De plus, et sans me prévaloir de quelconques capacités en etimologie, je constate qu'en latin, "anime" a donné "ame" en francais. Ainsi un lien évident entre ce qui est animé (qui bouge) et la possession d'une ame. Sous entendu que ce qui ne bouge pas n'en a pas. Mais est ce vrai ? Les plantes n'en auraient elles pas ? Pourquoi la souffrance d'une plante serait plus tolérable que celle d'un animal ? Pourquoi la souffrance d'un champignon ou d'une bactérie (celle que vous tuez en utilisant des antibiotiques) ne comptent elles pas ?

Écrit par : doctor madness | 10/01/2011

Est ce que les plantes ont un cœur ??? des yeux ??? non alors il faut arrêter de poser toujours les mêmes question stupides style les carottes qu'on arrache du sol souffre !! pffff c'est lamentable !! un animal souffre oui et oui son cœur bat plus vite quand on lui fait mal, une plante non !! ça fait des années qu'on nous sort toujours les mêmes inepties, c'est désolant !! on est tout de même au 21ème siècle !!

oui je suis végétarienne, je ne mange aucun animal !! oui j'ai des enfants à qui j'ai expliqué ce qu'est la viande, comment cela se passe dans certaines forme d'élevage, pendant leur transport, dans les abattoirs, ce que sont les légumes, oui mes enfants ont choisi de manger moins de viande pour l'un et pas du tout pour l'autre, j'en ai deux !!

Certains voient les anti-viandes comme de farouches amis des animaux, hostiles au sort des poulets en batterie et autres cochons égorgés à l’aube. L’Homo Végétarien s’entend donc parfois dire: «Au lieu de protéger les animaux, tu ferais mieux de t’intéresser aux enfants qui crèvent de faim.» Et justement, il s’y intéresse. D’une part, parce que si l’on réduisait tous notre consommation de viande, il y aurait plus à manger pour l’humanité. En effet, un boeuf fournit 200 kg de viande, soit 1500 repas. Or, les céréales qu’il a mangées auraient pu en fournir 10 fois plus. Mais le végé protège aussi la planète dans son ensemble. Car, mauvaise nouvelle, la viande est anti-écolo: produire un kilo de bœuf ou de veau engendre 25 à 75 fois plus d’émissions de gaz à effet de serre et nécessite près de 50 fois plus d’eau potable que produire un kilo de fruits, légumes ou céréales. Le végé s’inquiète donc autant du bien des êtres humains que de celui des bestioles…

C’est aussi ce que pensaient Kant, Einstein ou Léonard de Vinci. Des hommes pas vraiment réputés pour leur ignorance, donc. [...]

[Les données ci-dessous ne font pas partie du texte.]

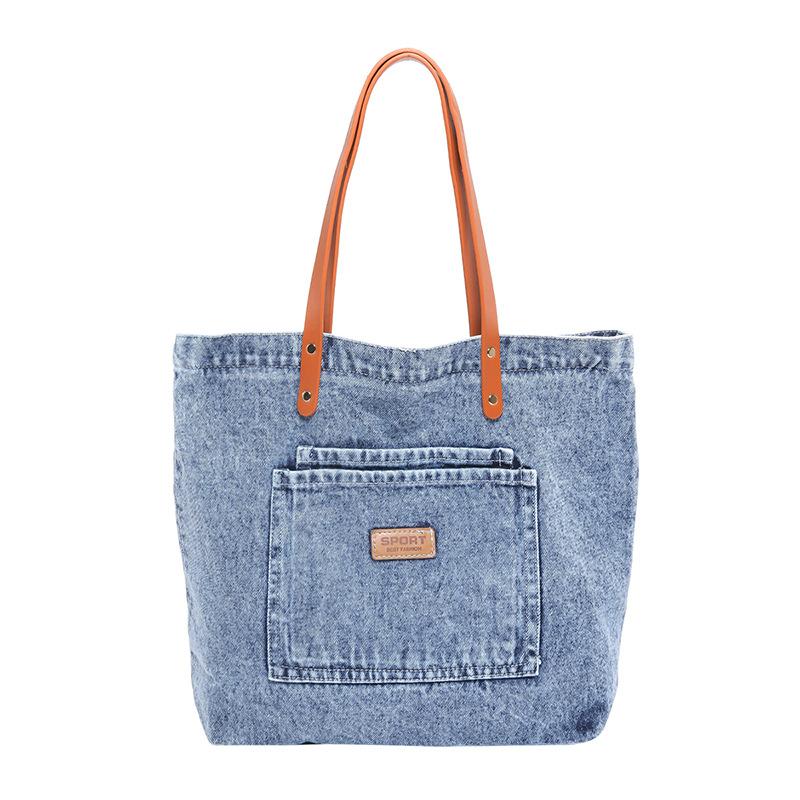 Women's Denim Shoulder Bag Large Capacity Tote Bag Fitness Purses for Women Vintage Handbags Hobo Tote Bag Canvas Satchel for Work Travel Shopping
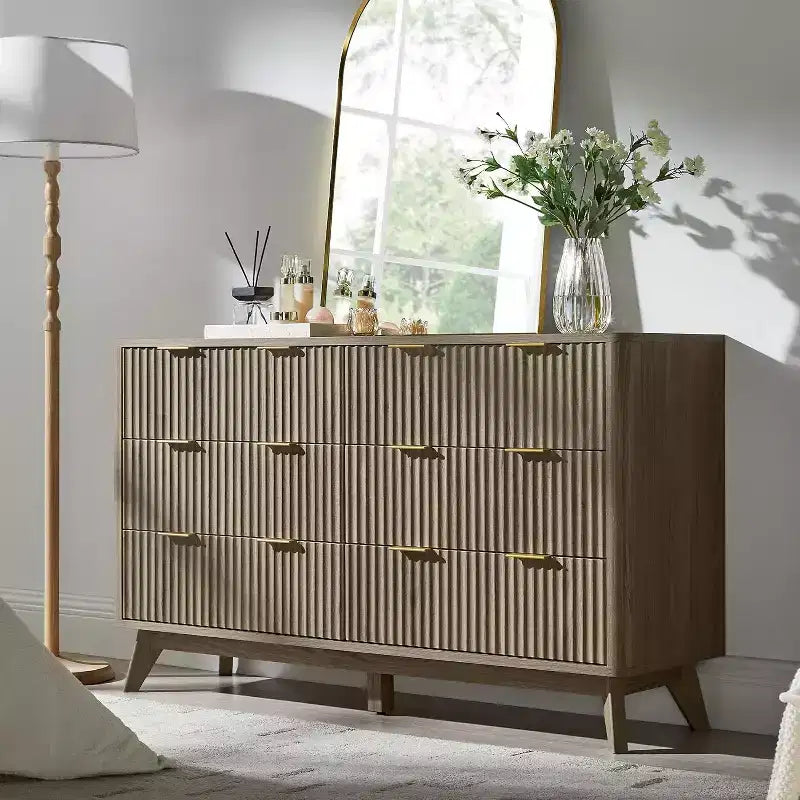Commode cannelée à 6 tiroirs avec poignées en métal, profil incurvé, organisateur de rangement en bois, 54 l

Écrit par : HECKMANN Marie-Rose | 14/01/2011

Les légumes ne me laisse pas un goût de souffrance dans la bouche, alors que depuis des années je ne peut sentir l'odeur de la viande cette odeur est celle de la mort et la souffrance, et je ne mange pas la souffrance.

Écrit par : Jocelyne | 15/01/2011

Après les commentaires de Marie-Rose et de Jocelyne, je ne peux qu'ajouter les paroles de Tolstoï, tant qu'il y aura des abattoirs, il y aura des guerres", ceux qui torturent les animaux que ce soit des animaux de boucherie ou autre, et ceux qui les tuent sont capables d'en faire autant avec les êtres humains.

Dans l'Antiquité une étude avait déjà été faite qui a démontré que les peuples carnivores étaient plus violents que les peuples végétariens.

En plus, qu'est-ce que c'est de la viande? tout simplement du cadavre dont l'état de décomposition est entré en action! Vous les carnivores vous mangez et digérez la souffrance avec toutes les toxines qu'elle produit et pour moi carnivore veut aussi dire charognare car pour n'être qu'un carnivore il faut consommer de suite ce qui n'est manifestement pas le cas de ceux qui achètent leur cadavre dans les grandes surfaces ou les boucheries.

Écrit par : Nancy Petitjean | 15/01/2011

La souffrance a quand même plus de gueule.

Écrit par : Fodio | 16/02/2011

Donnez un lapin et une pomme à un enfant: il jouera avec le premier et mangera la deuxième... et non l'inverse! :)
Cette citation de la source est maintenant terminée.